PDF Compression Explained: How It Works and How to Shrink PDFs Without Losing Quality

A single-page PDF can be 50 KB or 50 MB. The difference comes down to what's inside — embedded images, fonts, metadata, and how the file was created. This guide explains exactly what determines PDF file size and the proven techniques to compress it.

What's Inside a PDF File?

A PDF is essentially a container that holds multiple types of objects. Understanding these objects is the key to understanding file size:

  • Content streams — the actual page content: text operators, vector drawing commands, and references to embedded objects.
  • Images — often the largest component. A single uncompressed photo can be 10–30 MB inside a PDF.
  • Fonts — complete font files or subsets. Embedding a full font family can add 1–5 MB.
  • Metadata — author, title, creation date, XMP metadata, document structure tags.
  • Cross-reference table — an index that maps every object to its byte offset, enabling random access.
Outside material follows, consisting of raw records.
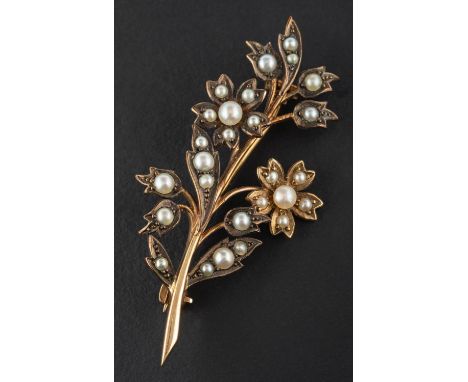 A 9ct gold, cultured and seed pearl floral spray brooch, with hallmarks for Birmingham, 1979, total length ca. 5.3cm, total w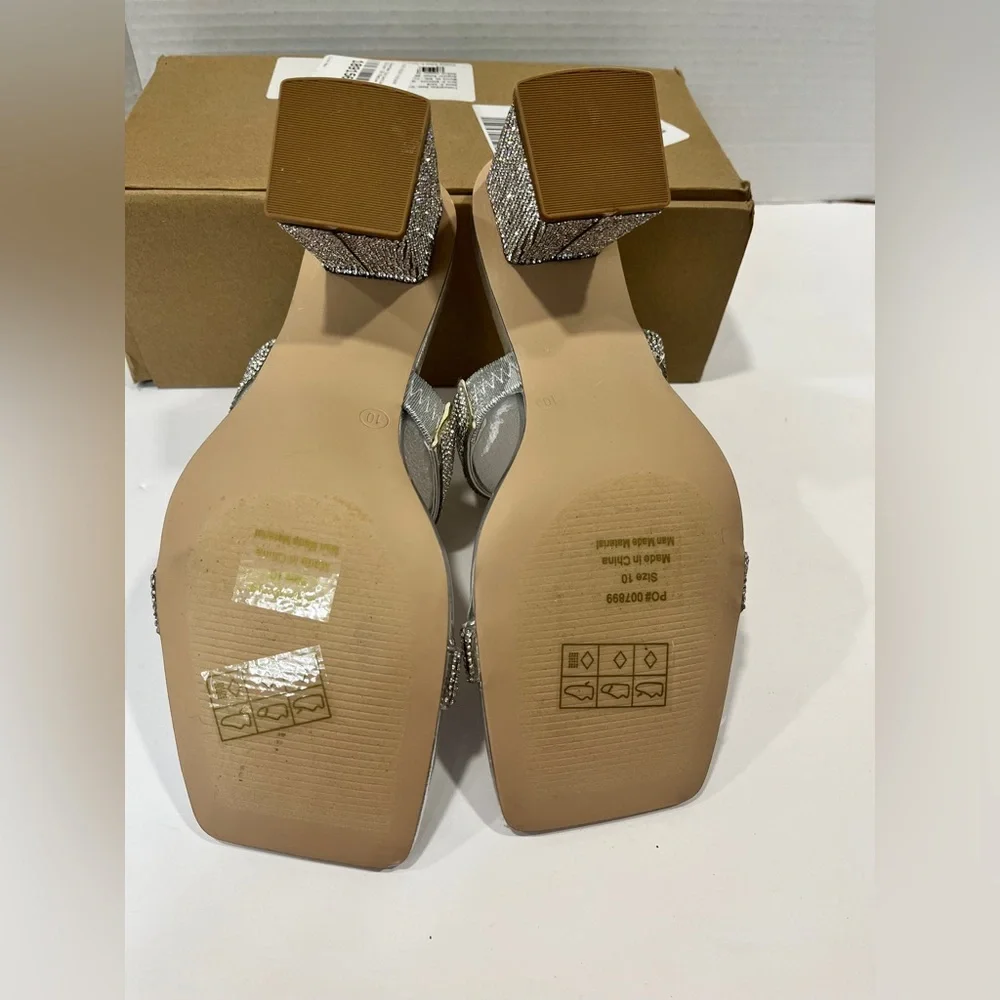 Journee Collection shoe toe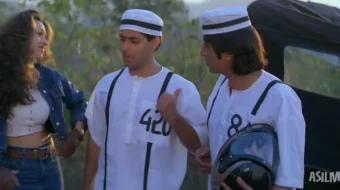 Beparvo egizaklar 1 / O'g'irlangan bola 1 / Judwaa 1 Hind kino 1997 Uzbek tilida O'zbekcha tarjima kino Full HD tas-ix skachat skrinshot 3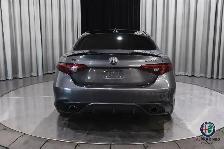 2017 Alfa Romeo Giulia Ti 4dr Sdn Ti AWD - Photo 4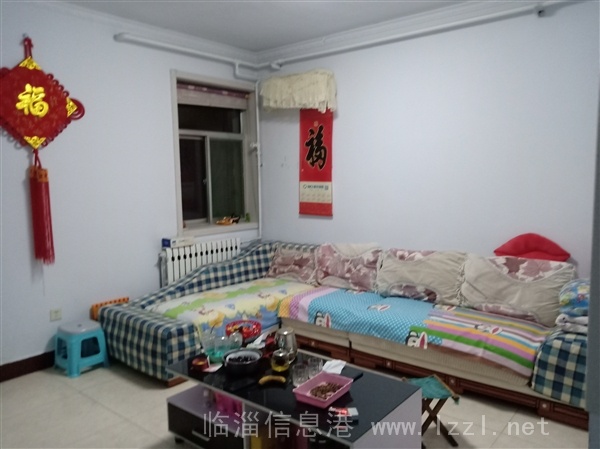 勇士東生活區(qū)六樓三室一廳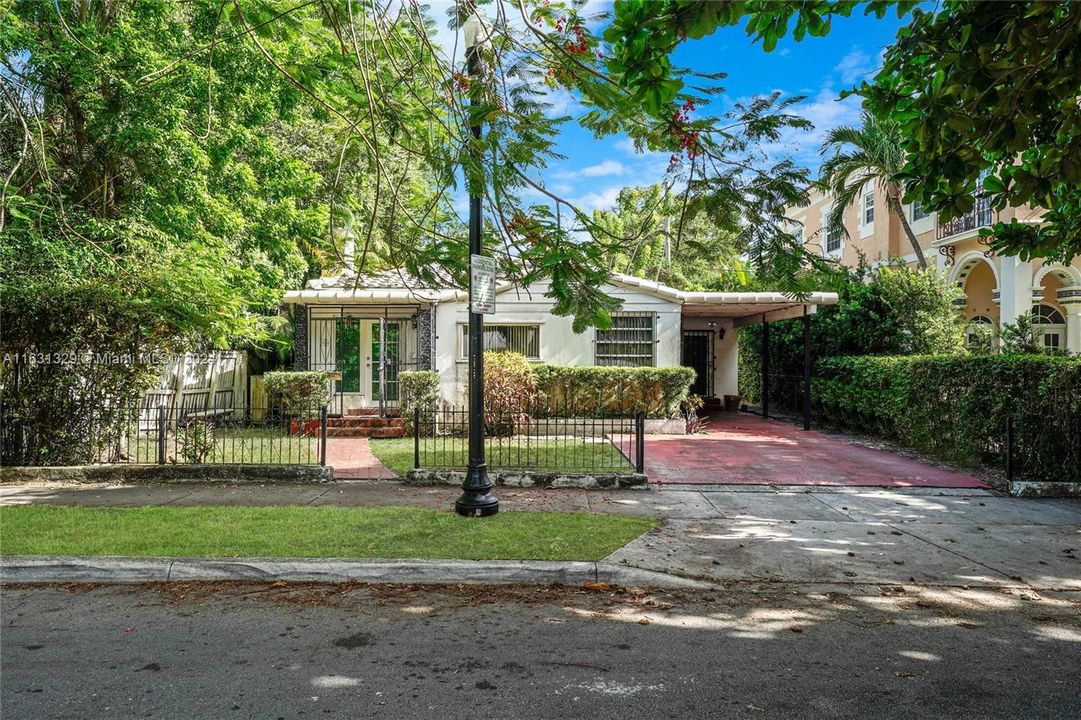 For Sale: $985,000 (3 beds, 2 baths, 1686 Square Feet)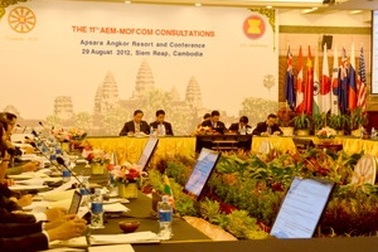 Các Bộ trưởng Kinh tế ASEAN tham vấn với Trung, Nhật, Hàn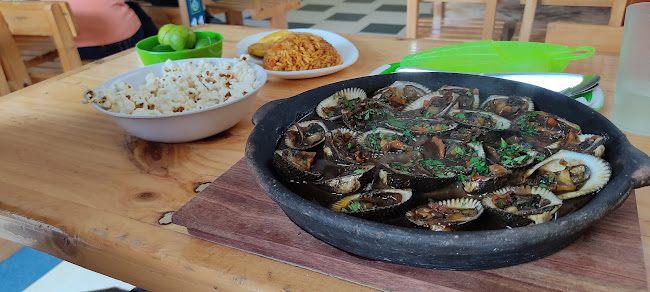 EL PUERTO MARISQUERÍA - Plaza de Ponchos Mariscos Almuerzos Desayunos Meriendas Ceviches Encebollados - Otavalo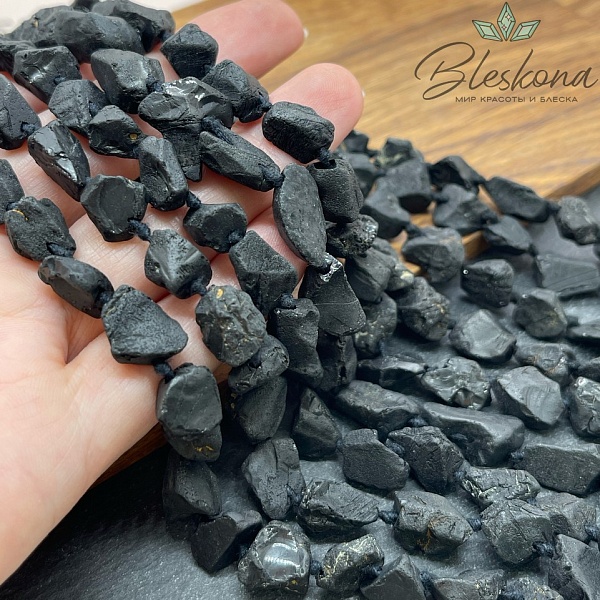 Шпинель черная  куски 8-11 мм
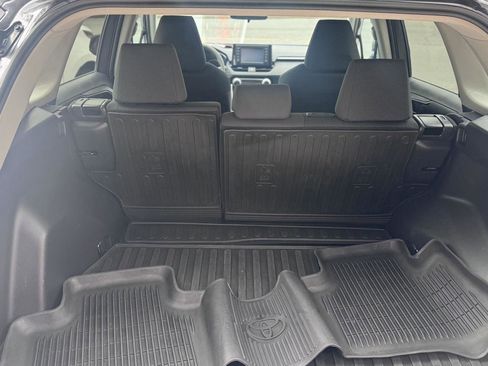 Used 2019 Toyota RAV4 LE AWD/4WD image 25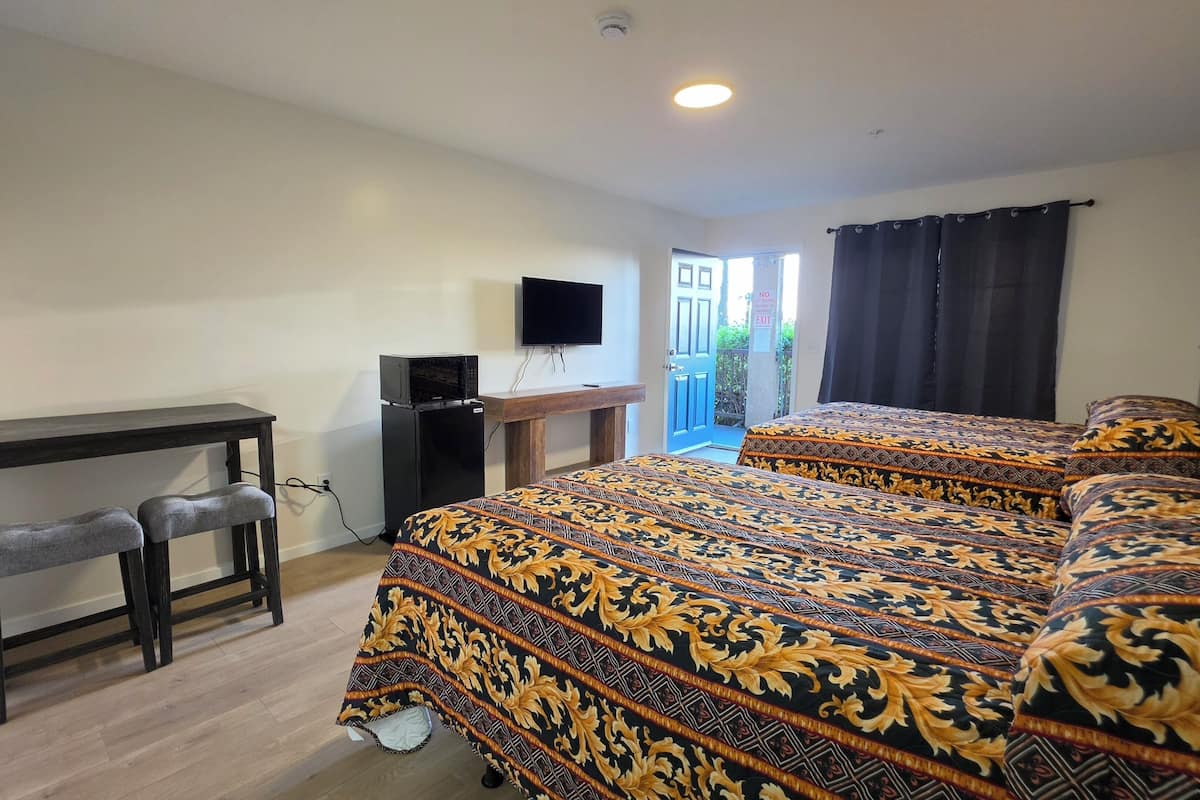 Tabla de planchar con plancha, wifi gratis y ropa de cama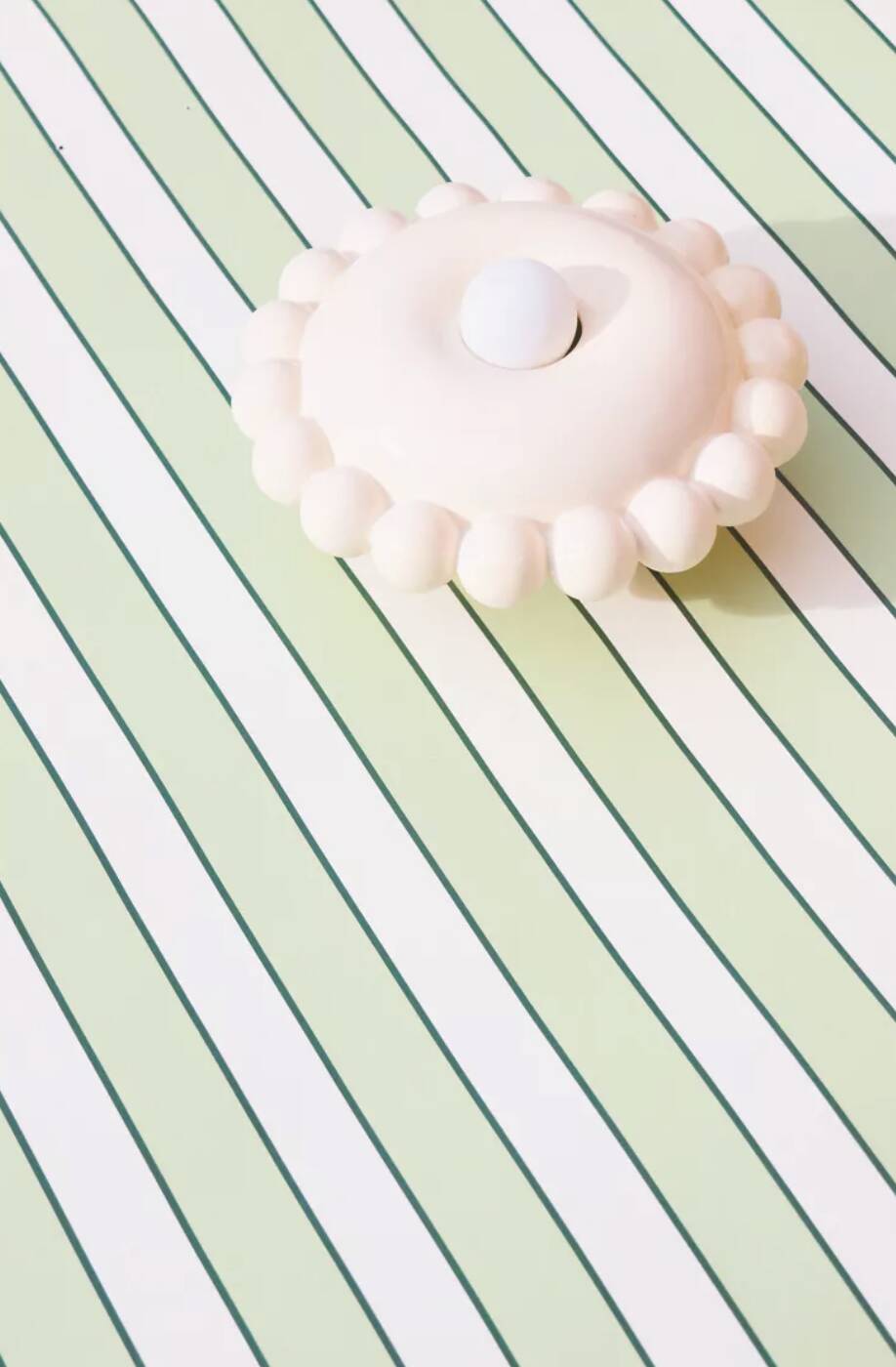 Luna Small Butter Wall Lamp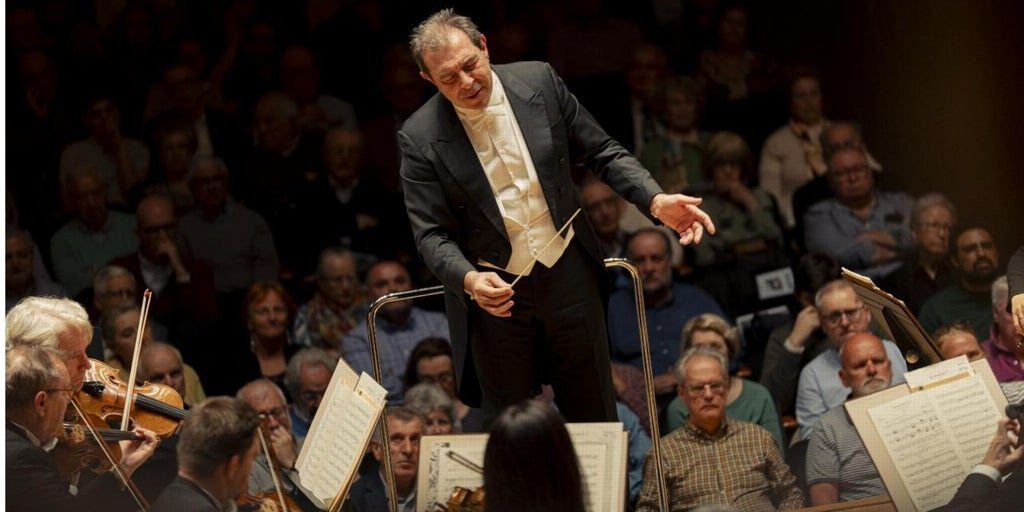 Gatti y la Staatskapelle sientan cátedra con Schumann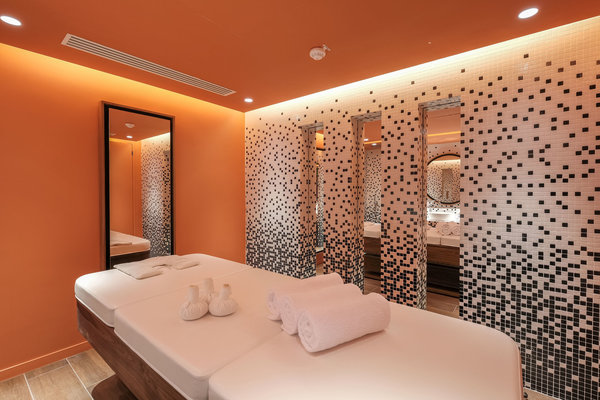 Parenthèse de relaxation extrême, le Spa O by Sothys propose un concept inédit à Paris avec deux cabines offrant des lits de sable. La chaleur sèche et souple du sable quartz enveloppe le corps enfoui et relaxe immédiatement avant même la pratique des rituels de modelage et enveloppements.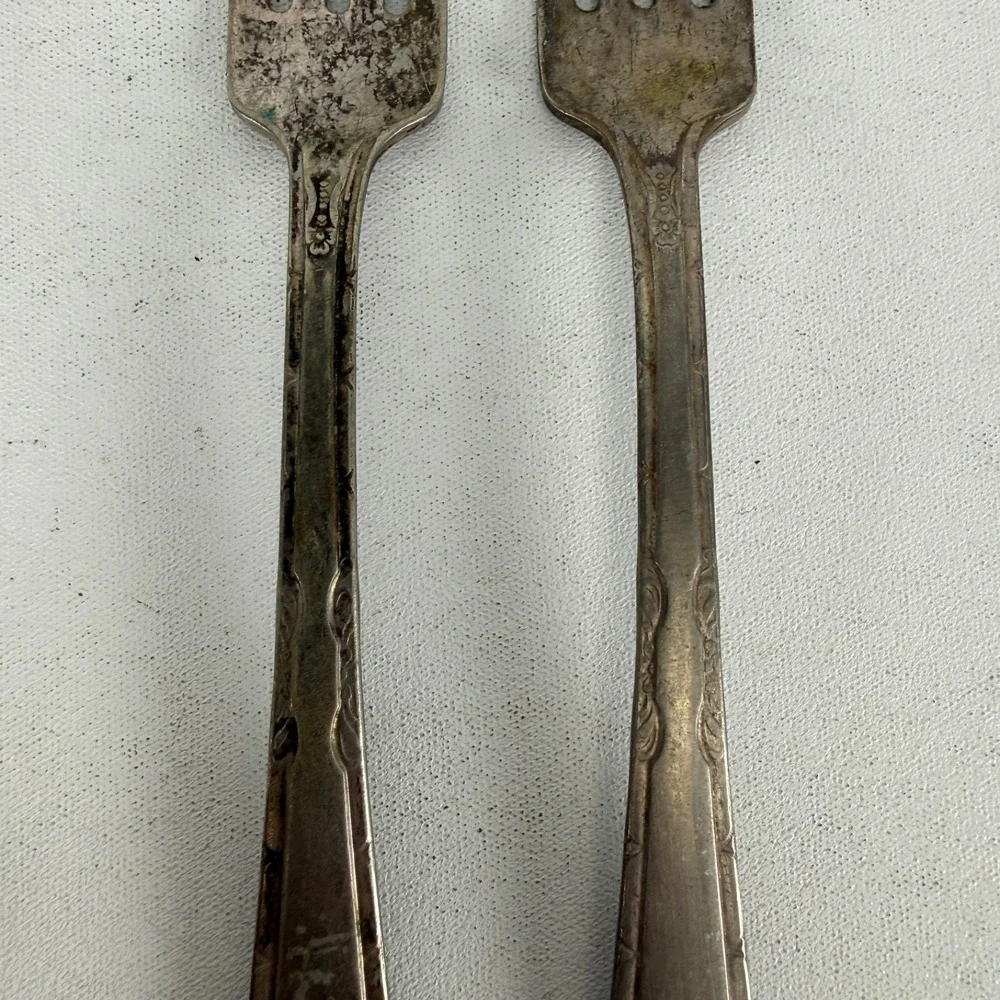 2 DINNER FORKS MONROE SILVER CO. THREE PATTERN SILVERPLATE  7 1/4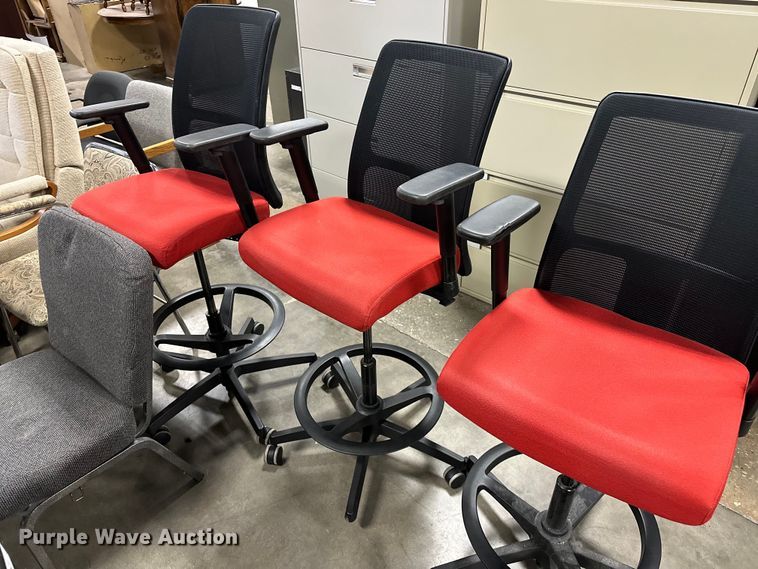 image for item OM9250 (41) office chairs 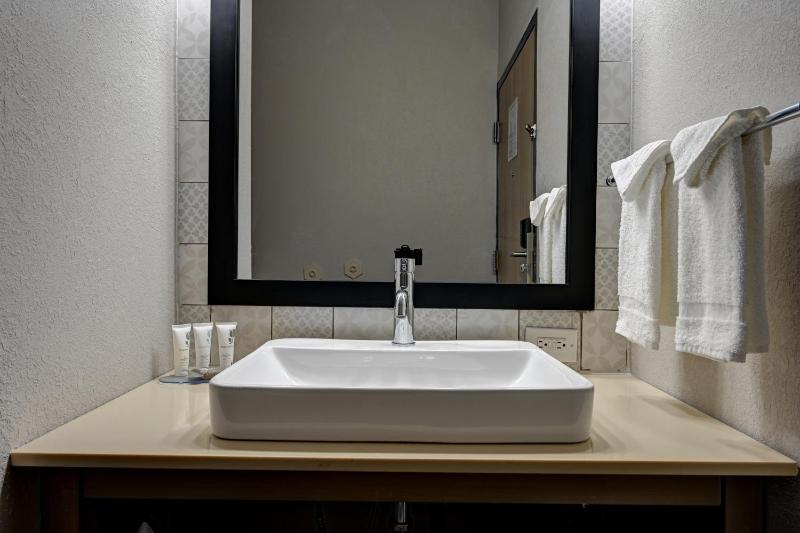 Standard King Room image 3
Why Are Some PDFs So Large?

Common reasons for bloated PDFs:

CauseTypical ImpactSolution
Uncompressed or high-DPI images10–50 MB per imageDownsample to 150 DPI for screen, re-encode as JPEG
Full font embedding1–5 MB per fontSubset fonts (embed only used glyphs)
Scanned pages (image-only PDF)2–10 MB per pageRe-render at lower DPI, apply JPEG compression
Duplicate objects1–10 MBObject deduplication
Incremental saves2×–5× original sizeRe-save (flatten incremental updates)
Embedded multimediaVaries widelyRemove or link externally

PDF Compression Techniques

There are two categories of compression: lossless (no quality reduction) and lossy (quality trade-off for smaller size).

Lossless Techniques

These reduce file size without any visual change:

  • Flate/Deflate compression — the standard compression for content streams. Uses the same algorithm as ZIP files (zlib). Most modern PDFs already use this.
  • Object streams — groups multiple small PDF objects into a single compressed stream, reducing overhead. Introduced in PDF 1.5.
  • Cross-reference stream compression — replaces the text-based cross-reference table with a compressed binary stream.
  • Font subsetting — instead of embedding a complete font with 2,000+ glyphs, embed only the 50–100 glyphs actually used in the document.
  • Duplicate object removal — if the same image appears on 10 pages, store it once and reference it 10 times.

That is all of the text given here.